Thursday, August 27, 2009

The Fed is deceiving the American Public!!!!

The Fed is going behind the public's back and monetizing way more debt than they will admit too. That is why Timothy Geithner doesn't agree with an audit of the Fed. He knows that the Fed is stimulating an artificial demand for U.S. treasuries. This means that the 'real' demand for U.S. debt (U.S. money) is nonexistent. The only thing left to do now is way for an all out collapse of the U.S. dollar and the international monetary system.

Geithner: Auditing the Fed Is a “Line That We Don’t Want to Cross”

August 26th, 2009

Via: Corbett Report:

In an interview released today by Digg and the Wall Street Journal, Treasury Secretary Timothy Geithner was pressured about the growing popular movement to Audit the Fed spearheaded by Texas Congressman Ron Paul. A visibly uncomfortable Geithner attempts to dismiss the question by stating “I’m sure people understand that you want to keep politics out of monetary policy.” When Geithner is again pressed on the issue, he makes the stunning assertion that conducting an audit of the Federal Reserve—something never before done in its 96 year history—is a “line that we don’t want to cross,” proclaiming that such a move would be “problematic for the country.”

Here is the proof that the Fed is hiding something VERY important on its books......

Source: ZeroHedge

The Federal Reserve has effectively been monetizing far more US government debt than has openly been revealed, by cleverly enabling foreign central banks to swap their agency debt for Treasury debt. This is not a sign of strength and reveals a pattern of trading temporary relief for future difficulties.

This is very nearly the same path that Zimbabwe took, resulting in the complete abandonment of the Zimbabwe dollar as a unit of currency. The difference is in the complexity of the game being played, not the substance of the actions themselves.

The shell game that the Fed is currently playing does not change the basic equation: Money is being printed out of thin air so that it can be used to buy US government debt.

When the full scope of this program is more widely recognized, ever more pressure will fall upon the dollar, as more and more private investors shun the dollar and all dollar-denominated instruments as stores of value and wealth. This will further burden the efforts of the various central banks around the world as they endeavor to meet the vast borrowing desires of the US government.
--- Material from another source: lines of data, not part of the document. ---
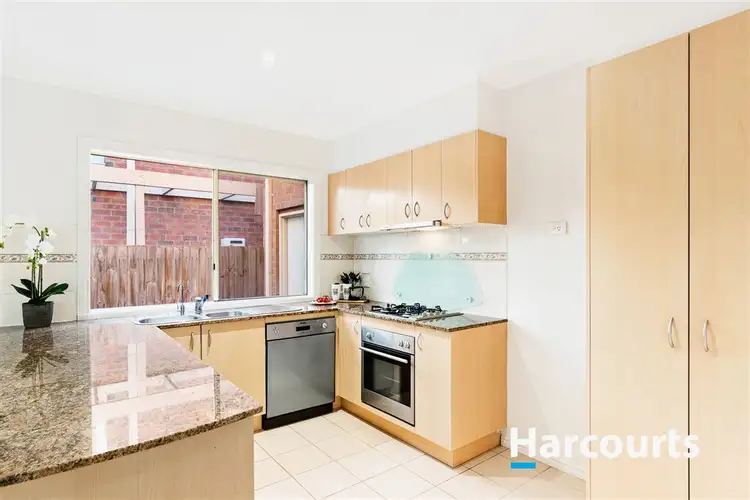 Sixth view of Homely house listing, 26 Madison Boulevard, Mitcham VIC 3132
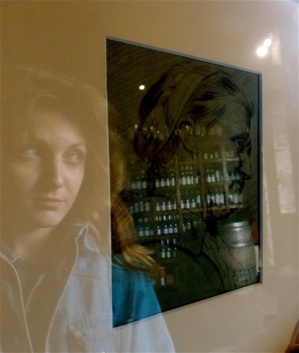 Photo Dominique Lameta Photo Dominique Lameta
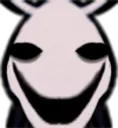 Terorr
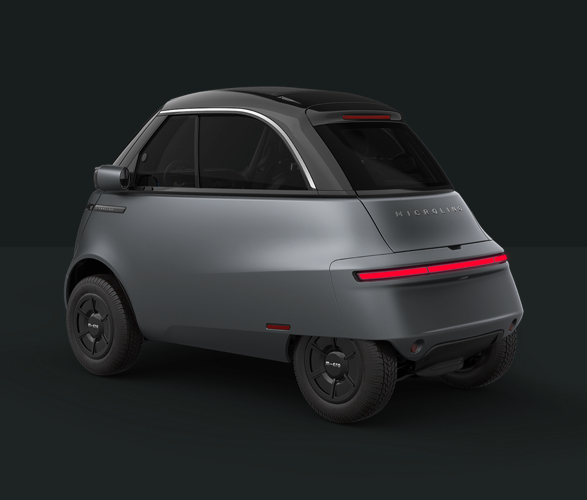 microlino-4.jpg | Image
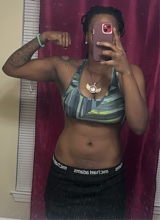 Dondada6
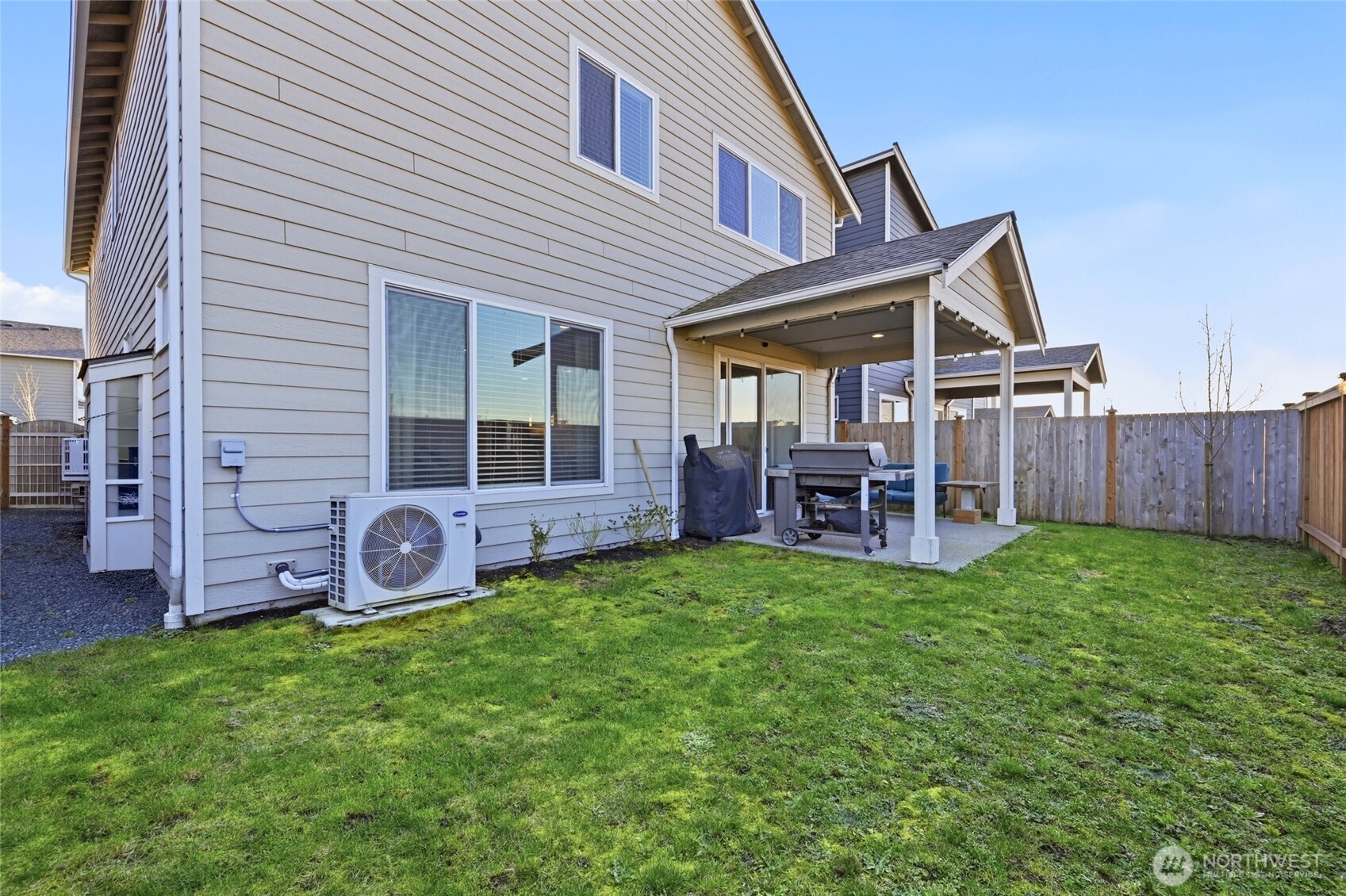Property photo 36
One possible result of the abandonment of these efforts is a wholesale flight out of the dollar and into other assets. To US residents, this will be experienced as rapidly rising import costs and increasing costs for all internationally-traded basic commodities, especially food items. For the rest of the world, the results will range from discomforting to disastrous, depending on their degree of dollar linkage.